Serge Muyters, korpschef

Verontschuldigd

Karim Bachar, schepen

Secretaris

Sven Cauwelier, algemeen directeur

Voorzitter

Bart De Wever, burgemeester
2021_CBS_03594 - Omgevingsvergunning. Advies hogere overheid. Gunstig advies - OMV_2020175707. Scheldelaan 600. District Antwerpen - Goedkeuring 2021_CBS_03594 - Omgevingsvergunning. Advies hogere overheid.
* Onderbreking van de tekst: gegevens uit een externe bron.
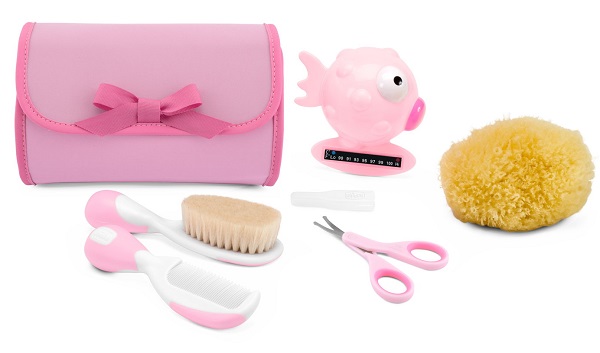 CHICCO SET IGIENE ROSA - Farmacia Murachelli Di Putelli dr. Giovanni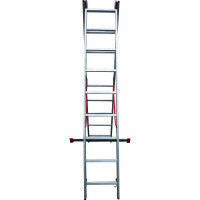 Двухсекционная лестница Новая Высота Проф 2х9 604209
Gunstig advies - OMV_2020175707. Scheldelaan 600. District Antwerpen - Goedkeuring

Motivering

Regelgeving: bevoegdheid

Conform artikel 24 en 42 van het Omgevingsvergunningsdecreet heeft het college of de gemeentelijke omgevingsambtenaar de bevoegdheid advies uit te brengen voor de vergunningsaanvragen op haar grondgebied waarvoor de deputatie, de Vlaamse regering of de gewestelijke omgevingsambtenaar de bevoegde overheid is, tenzij:

 

  1. de aanvraag ingediend is door het betrokken college;
  2. de aanvraag louter betrekking heeft op mobiele of verplaatsbare ingedeelde inrichtingen of activiteiten.

 

Het college heeft op 17 november 2017 (jaarnummer 2017_CBS_08858) beslist om de adviesbevoegdheid op te nemen.

Aanleiding en context

Er werd bij de deputatie een aanvraag voor een omgevingsvergunning ingediend. De aanvraag wordt behandeld volgens de gewone procedure van het Omgevingsvergunningendecreet.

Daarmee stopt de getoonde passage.